### ASSIGNED TASK
Would you output the lines from the one with "Adidas Cloudfoam" through the last line of the material below, exactly, but without pictures?

### GIVEN INFORMATION
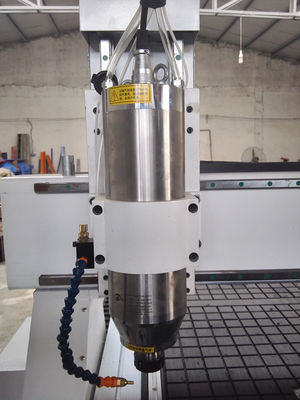 380V ER25 ชิ้นส่วนเครื่องจักร CNC 6.5kw แกนหมุนระบายความร้อนด้วยไม้ CNC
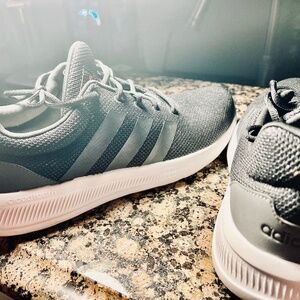 Adidas Cloudfoam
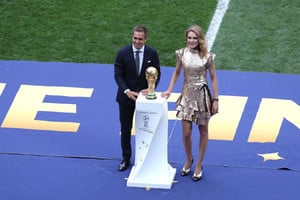 Natalia+Vodianova+Philipp+Lahm+France+v+Croatia+7.jpg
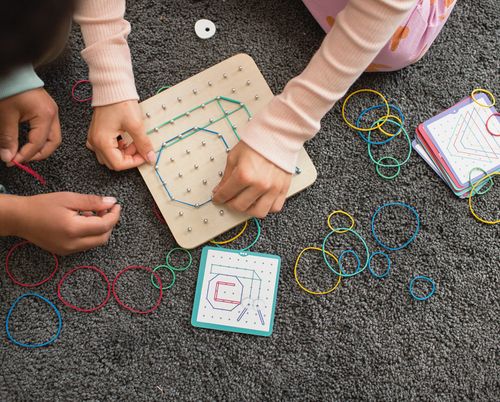 משחק לוח מסמרים וגומיות לבניית צורות גיאומטריות ודמויות Geoboard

### EXERCISE OUTPUT
 Adidas Cloudfoam
 Natalia+Vodianova+Philipp+Lahm+France+v+Croatia+7.jpg
 משחק לוח מסמרים וגומיות לבניית צורות גיאומטריות ודמויות Geoboard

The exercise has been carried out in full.